* [SUPPLIED DATA]:
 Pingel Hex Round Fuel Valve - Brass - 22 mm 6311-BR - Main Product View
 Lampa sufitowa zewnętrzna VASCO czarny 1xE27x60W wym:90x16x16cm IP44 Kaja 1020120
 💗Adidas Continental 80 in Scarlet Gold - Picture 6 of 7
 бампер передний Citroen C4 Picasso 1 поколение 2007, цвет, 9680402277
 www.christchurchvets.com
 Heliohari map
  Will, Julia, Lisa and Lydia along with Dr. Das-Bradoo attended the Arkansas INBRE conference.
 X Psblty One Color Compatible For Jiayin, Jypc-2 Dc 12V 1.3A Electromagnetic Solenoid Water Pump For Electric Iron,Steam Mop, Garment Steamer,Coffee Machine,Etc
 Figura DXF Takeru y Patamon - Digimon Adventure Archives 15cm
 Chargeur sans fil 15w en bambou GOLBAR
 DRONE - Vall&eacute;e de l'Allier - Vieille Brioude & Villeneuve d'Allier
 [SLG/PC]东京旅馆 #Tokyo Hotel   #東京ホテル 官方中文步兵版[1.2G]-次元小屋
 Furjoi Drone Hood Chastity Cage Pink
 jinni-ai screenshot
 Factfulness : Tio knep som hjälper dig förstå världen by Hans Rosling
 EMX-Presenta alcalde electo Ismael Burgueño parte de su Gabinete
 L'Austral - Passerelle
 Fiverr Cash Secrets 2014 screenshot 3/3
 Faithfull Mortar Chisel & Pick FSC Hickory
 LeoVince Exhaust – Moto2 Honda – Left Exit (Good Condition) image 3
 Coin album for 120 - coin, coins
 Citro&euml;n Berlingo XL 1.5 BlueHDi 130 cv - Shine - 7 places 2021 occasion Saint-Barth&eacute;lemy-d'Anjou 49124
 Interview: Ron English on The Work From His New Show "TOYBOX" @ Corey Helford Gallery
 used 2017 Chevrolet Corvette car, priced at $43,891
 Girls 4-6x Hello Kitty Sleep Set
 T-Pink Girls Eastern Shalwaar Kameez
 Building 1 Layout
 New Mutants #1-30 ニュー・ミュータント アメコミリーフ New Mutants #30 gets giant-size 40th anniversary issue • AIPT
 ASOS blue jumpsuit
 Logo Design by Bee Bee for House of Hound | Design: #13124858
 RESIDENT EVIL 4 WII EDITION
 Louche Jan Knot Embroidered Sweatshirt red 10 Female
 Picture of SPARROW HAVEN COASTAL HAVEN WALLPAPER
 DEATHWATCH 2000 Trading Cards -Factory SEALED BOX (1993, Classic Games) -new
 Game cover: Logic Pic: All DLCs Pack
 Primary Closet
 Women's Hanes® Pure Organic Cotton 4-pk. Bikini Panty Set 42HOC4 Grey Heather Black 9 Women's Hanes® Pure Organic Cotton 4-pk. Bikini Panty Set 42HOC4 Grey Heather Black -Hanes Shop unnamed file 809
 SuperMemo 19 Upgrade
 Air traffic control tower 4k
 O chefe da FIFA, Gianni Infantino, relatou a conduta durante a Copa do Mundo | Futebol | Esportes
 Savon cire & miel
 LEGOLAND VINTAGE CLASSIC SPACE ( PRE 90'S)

* [ACTIVITY]: Produce only the lines from the line containing "Figura DXF Takeru" through the line containing "Building 1 Layout", inclusive of both, exactly as they stand in the entries above.

* [WRITTEN SOLUTION]:
 Figura DXF Takeru y Patamon - Digimon Adventure Archives 15cm
 Chargeur sans fil 15w en bambou GOLBAR
 DRONE - Vall&eacute;e de l'Allier - Vieille Brioude & Villeneuve d'Allier
 [SLG/PC]东京旅馆 #Tokyo Hotel   #東京ホテル 官方中文步兵版[1.2G]-次元小屋
 Furjoi Drone Hood Chastity Cage Pink
 jinni-ai screenshot
 Factfulness : Tio knep som hjälper dig förstå världen by Hans Rosling
 EMX-Presenta alcalde electo Ismael Burgueño parte de su Gabinete
 L'Austral - Passerelle
 Fiverr Cash Secrets 2014 screenshot 3/3
 Faithfull Mortar Chisel & Pick FSC Hickory
 LeoVince Exhaust – Moto2 Honda – Left Exit (Good Condition) image 3
 Coin album for 120 - coin, coins
 Citro&euml;n Berlingo XL 1.5 BlueHDi 130 cv - Shine - 7 places 2021 occasion Saint-Barth&eacute;lemy-d'Anjou 49124
 Interview: Ron English on The Work From His New Show "TOYBOX" @ Corey Helford Gallery
 used 2017 Chevrolet Corvette car, priced at $43,891
 Girls 4-6x Hello Kitty Sleep Set
 T-Pink Girls Eastern Shalwaar Kameez
 Building 1 Layout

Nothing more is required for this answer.